Cannot train POS on another corpus ...
elduba opened this issue · comments
Hi !
First of all, i would like to thank you for this great tool and convert file you provide, it works just great.
But i am facing some issues with the french corpua.
could you please correct / complete my understanding of the configuration activities required for training on a another copus ? :
- Create a new folder in work (in my example UD_French) with 3 files : *-ud-dev.conllu / *-ud-test.conllu / **-ud-train.conllu
- Add the context.pbtxt and update file location value + record-format to "french-text"

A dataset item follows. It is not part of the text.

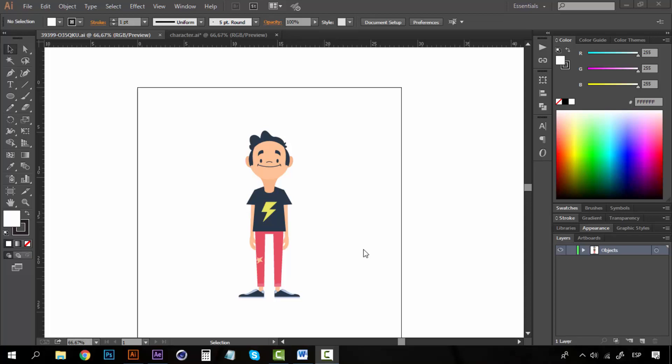Hey everyone, welcome to another exercise. I know you will love this one because now we are going to create a character animation, and of course it's going to be really fun.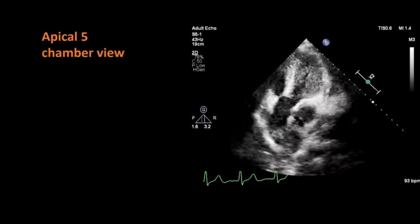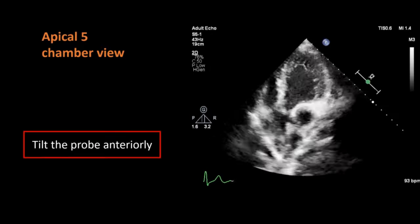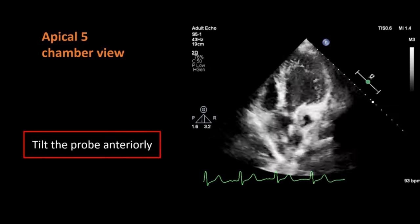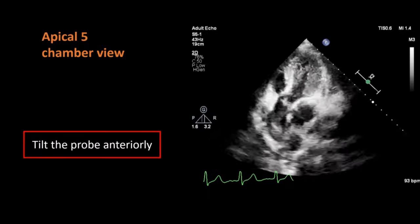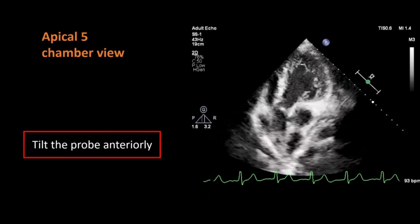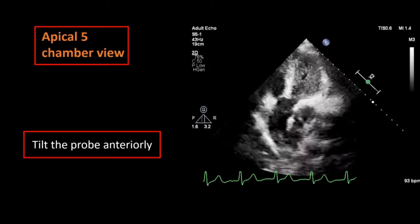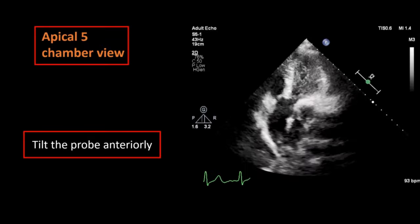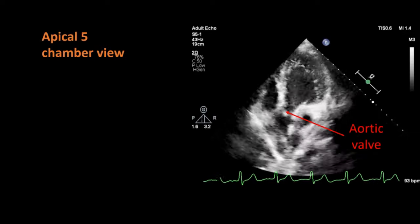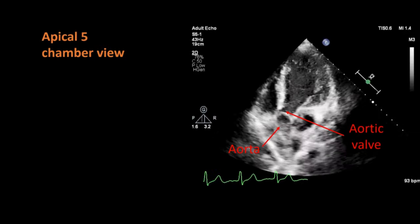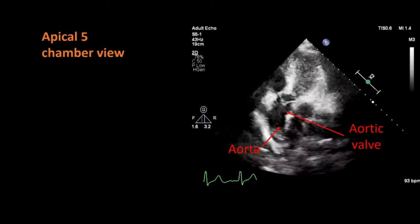By tilting the probe more anteriorly, we can obtain an apical 5-chamber view of the heart. Additionally, in this view we can see the left ventricular outflow tract opening into the aorta through the aortic valve. We can look for the presence of aortic stenosis or aortic regurgitation in this view.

- Update train.sh with correct file location value
- Run train.sh
Than I am stuck with that error :
File "/home/baduel/models/syntaxnet/bazel-bin/syntaxnet/parser_trainer.runfiles/external/tf/tensorflow/python/client/session.py", line 673, in _do_call
raise type(e)(node_def, op, message)
tensorflow.python.framework.errors.InvalidArgumentError: indices[0] = -1 is not in [0, 1)

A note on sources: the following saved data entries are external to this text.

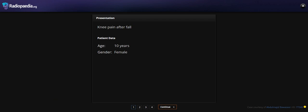Hello everyone. Today I'm going to show you the case of a 10-year-old female coming with knee pain after a fall.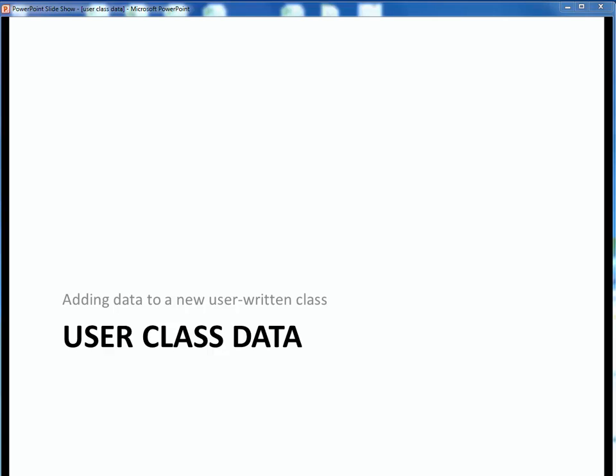In this video lecture, we'll take a look at how to begin adding instance variables to our new Person class. Let's get started.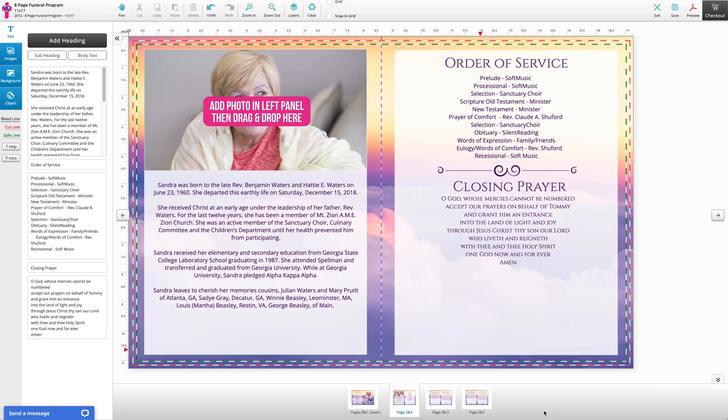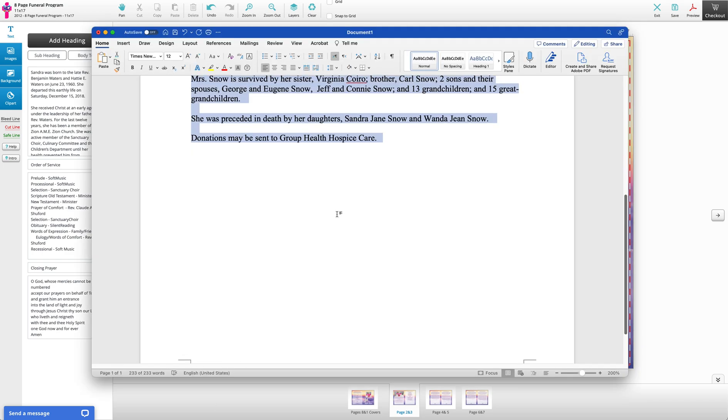If you have already typed up your text in a separate document, you can copy from that document and paste into existing text blocks. On the template, go to your document, copy your desired text.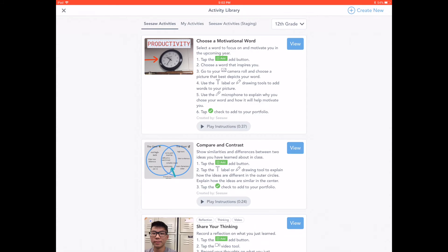Now you know how to share a post with your students. If you have other Seesaw questions, visit our Help Center at help.seesaw.me and check out our social media channels for tips and tricks for using Seesaw in your classroom.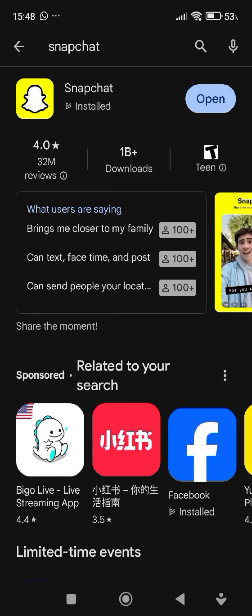To make sure, visit the app store and tap the search bar, search for Snapchat, and install the latest version. If the app isn't updated, tap to do it.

[[Node: training/embedding_lookup_4 = Gather[Tindices=DT_INT32, Tparams=DT_FLOAT, _class=["loc:@training/Diag"], validate_indices=true, _device="/job:localhost/replica:0/task:0/cpu:0"](training/Diag, training/gold_actions)]]
Caused by op u'training/embedding_lookup_4', defined at:
File "/home/baduel/models/syntaxnet/bazel-bin/syntaxnet/parser_trainer.runfiles/syntaxnet/parser_trainer.py", line 303, in <module>
tf.app.run()
Any help would be life saving :)
Best regards
Edulba
@elduba
i noticed that there is no XPOS in UD_French corpus.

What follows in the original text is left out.